───── Supplied data ─────
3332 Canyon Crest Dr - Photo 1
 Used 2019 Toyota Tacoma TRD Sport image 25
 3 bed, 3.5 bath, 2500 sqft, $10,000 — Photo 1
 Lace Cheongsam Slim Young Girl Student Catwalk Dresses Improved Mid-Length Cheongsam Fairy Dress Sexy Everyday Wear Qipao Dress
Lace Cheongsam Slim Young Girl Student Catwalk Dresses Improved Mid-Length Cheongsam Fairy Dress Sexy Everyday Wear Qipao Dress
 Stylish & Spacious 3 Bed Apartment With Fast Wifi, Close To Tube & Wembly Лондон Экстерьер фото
─────
What is expected → Would you write down every record again, exactly?

Result of the exercise →
3332 Canyon Crest Dr - Photo 1
 Used 2019 Toyota Tacoma TRD Sport image 25
 3 bed, 3.5 bath, 2500 sqft, $10,000 — Photo 1
 Lace Cheongsam Slim Young Girl Student Catwalk Dresses Improved Mid-Length Cheongsam Fairy Dress Sexy Everyday Wear Qipao Dress
Lace Cheongsam Slim Young Girl Student Catwalk Dresses Improved Mid-Length Cheongsam Fairy Dress Sexy Everyday Wear Qipao Dress
 Stylish & Spacious 3 Bed Apartment With Fast Wifi, Close To Tube & Wembly Лондон Экстерьер фото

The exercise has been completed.